* [Task material]:
════

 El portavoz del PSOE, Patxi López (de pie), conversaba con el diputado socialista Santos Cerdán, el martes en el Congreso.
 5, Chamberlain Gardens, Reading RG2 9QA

════

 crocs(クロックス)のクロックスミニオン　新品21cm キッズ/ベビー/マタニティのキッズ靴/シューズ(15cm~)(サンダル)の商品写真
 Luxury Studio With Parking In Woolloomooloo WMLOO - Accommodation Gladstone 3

════

* [Goal of the exercise]: Write out, from the lines above, only those from the line with "El portavoz del" to the line with "5, Chamberlain Gardens, Reading RG2 9QA", exactly as given, including the first and the last.

* [Expected answer]:
 El portavoz del PSOE, Patxi López (de pie), conversaba con el diputado socialista Santos Cerdán, el martes en el Congreso.
 5, Chamberlain Gardens, Reading RG2 9QA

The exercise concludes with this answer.